Mehdi Zannad – qui travaille actuellement sur la musique du nouveau film de Serge Bozon, « Don Juan », avec Virginie Efira et Tahar Rahim – a accepté de revenir en détail sur la manière dont a été élaboré ce disque, un moment unique qui reste, encore aujourd’hui, si tant est que le mot ne soit aujourd’hui complètement vidé de son sens, une « œuvre culte ».
L’album Fugu 1 est sorti en 2000. Mais tu as sorti ton premier disque en 1993, et son style était assez différent de ce que tu as pu créer par la suite. Peux-tu nous expliquer ton cheminement artistique au cours de cette période ?
J’ai effectivement sorti mon premier 45 tours en 1993, chez Sugarfrost, un petit label liverpuldien dirigé par un couple anglo-japonais. J’étais à l’époque très influencé par le premier album des Pale Saints, ainsi que par les projets parallèles de son leader Ian Masters, tel que Spoonfed Hybrid (dont le premier album était sorti cette même année 1993, ndr).
C’est au contact du label Sugarfrost que j’ai découvert des disques qui vont avoir une grosses influence sur moi : les Harper’s Bizarre, dont le titre Witchi Taï To (composé initialement par le jazzman Jim Pepper, cette reprise se trouve sur l’album Harper’s Bizarre 4 sorti en 1969, bénéficiant d’un arrangement de Larry Potkin Jr, ndr), va durablement me marquer, avec cette montée harmonique et sonore. Sur mon premier album, j’essaierai de la reproduire sur Ondulations, Grand Celesta… Tout l’album, en fait, est construit plus ou moins sur ce schéma.

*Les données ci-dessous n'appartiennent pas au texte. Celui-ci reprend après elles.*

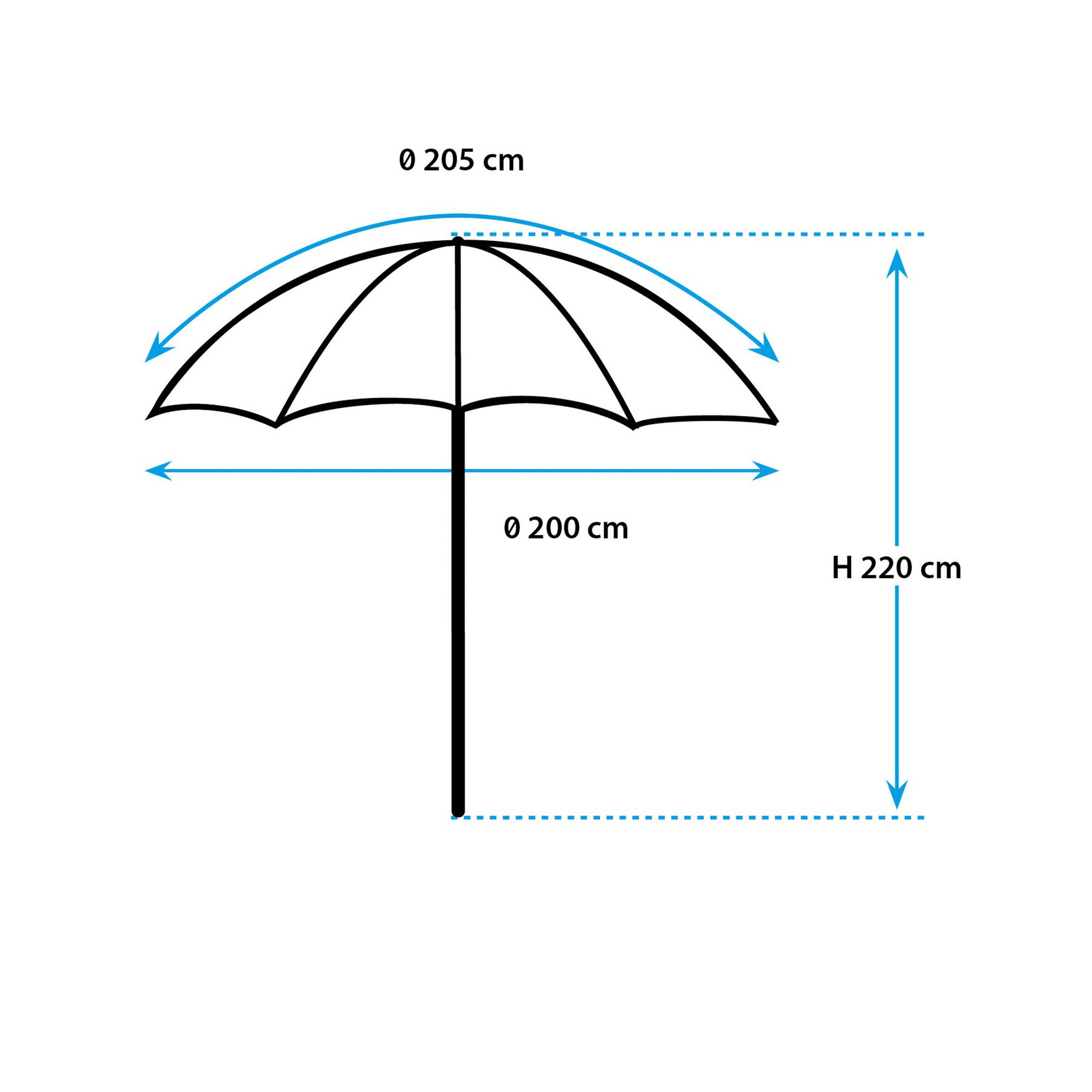 Brunner Parasol plażowy Onda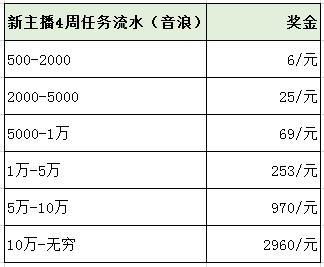 灌云抖音直播代運營價格,抖音直播代運營方案(抖音直播代運營機構)  第2張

J’ai également découvert à cette époque d’autres disques marquants dans mon parcours personnel : l’album de Roger Nichols and the Small Circle of Friends, mais également ceux de The Cyrkle (notamment le titre Turn Down Day).
Après avoir lu l’article sur The Left Banke de Christophe Conte dans les Inrockuptibles (N°40, novembre 1992), j’ai acheté la compilation There’s Gonna Be a Storm à la FNAC de Nancy. Mon objectif visait à continuer à intégrer les méthodes de composition issues de la musique classique dans la manière de composer de la musique pop. Et The Left Banke se situait tout à fait dans cette démarche. Ce fût une révélation.

Dans le même ordre d’idée, Sean O’Hagan des High Llamas, m’a fait découvrir en 1995 Montage, le 2ème groupe monté par Michael Brown. A cette époque, tout le monde cherchait ce disque et celui de The United States of America. J’ai intégré toutes ces influences au cours des années, tout en continuant à publier des 7 » sur différents labels. Tout était en place pour l’élaboration de mon premier album.
Au cours de mon année Erasmus en Grande-Bretagne, j’ai rencontré Laetitia Sadier et Tim Gane à un concert des High Llamas, je leur ai passé une cassette de mes premiers enregistrements. Je retrouvais dans la démarche de Stereolab un hommage intelligent aux Beach Boys, peu visible de prime abord mais néanmoins réel, notamment sur l’album Emperor Tomato Ketchup (sorti en 1996 chez Duophonic, ndr). Sean O’Hagan avait perdu la cassette mais Laetitia Sadier a insisté pour qu’il l’écoute.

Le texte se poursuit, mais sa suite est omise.